- **Instructions for the task**: When you transcribe the entries, reproduce every character and exclude the images.
******
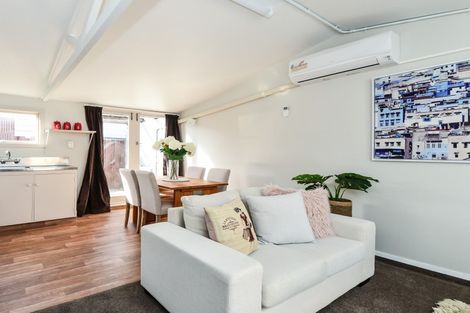 Photo of property in 217 Fox Street, Hamilton East, Hamilton, 3216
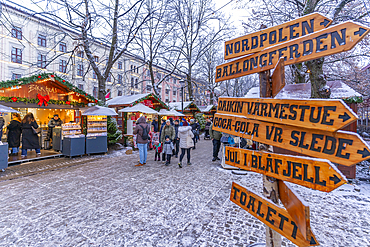 View of Christmas market during winter at dusk, Stortingsparken, Oslo, Norway, Scandinavia, Europe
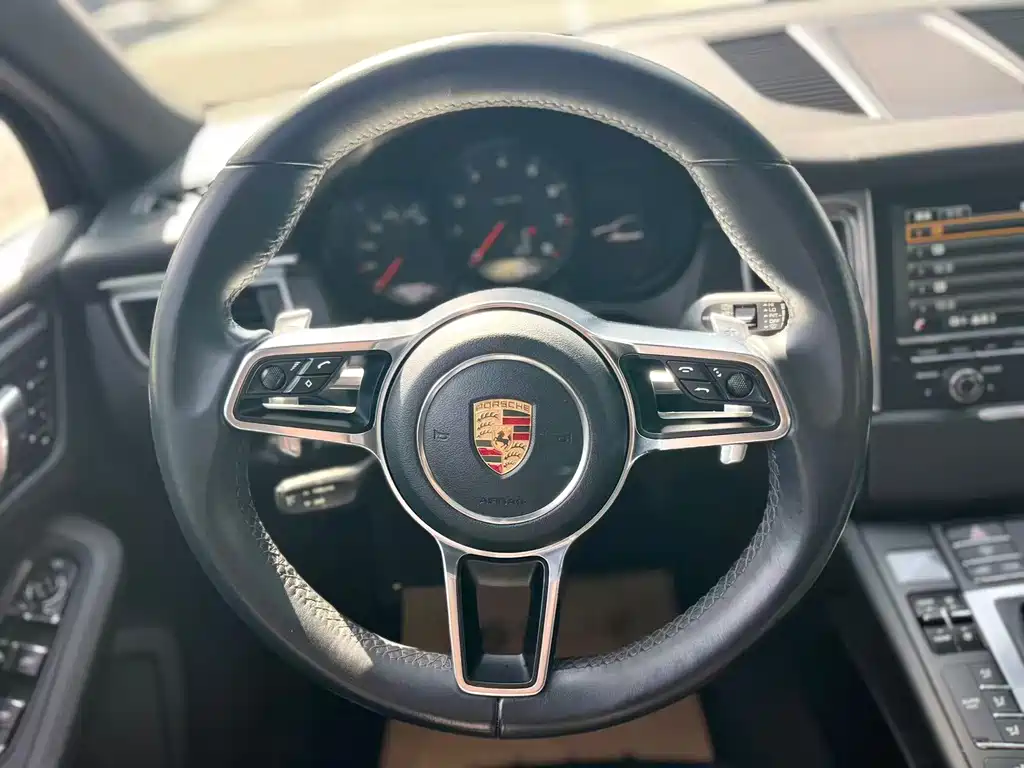 Porsche Macan 2015 — фото 17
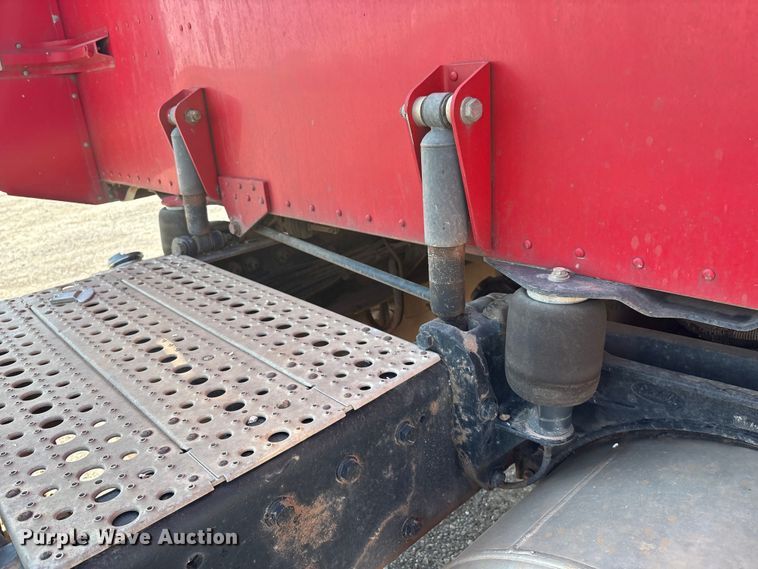 image for item EM0523 2001 Peterbilt 379 semi truck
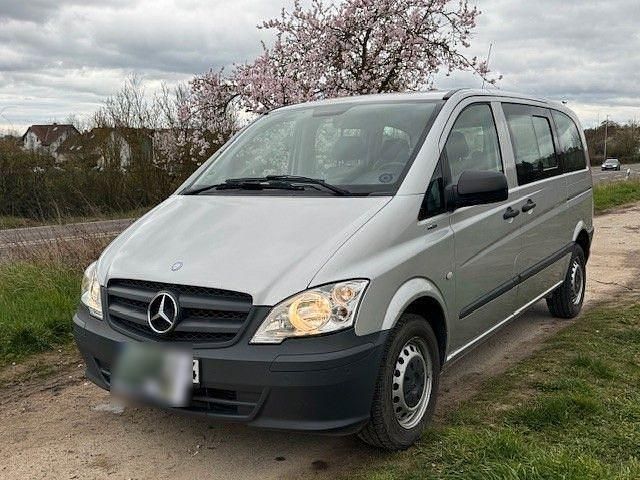 Second-hand Mercedes Vito 165 CP (121 kW) 2014 Argintiu Van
******
- **Response to the exercise**:
 Photo of property in 217 Fox Street, Hamilton East, Hamilton, 3216
 View of Christmas market during winter at dusk, Stortingsparken, Oslo, Norway, Scandinavia, Europe
 Porsche Macan 2015 — фото 17
 image for item EM0523 2001 Peterbilt 379 semi truck
 Second-hand Mercedes Vito 165 CP (121 kW) 2014 Argintiu Van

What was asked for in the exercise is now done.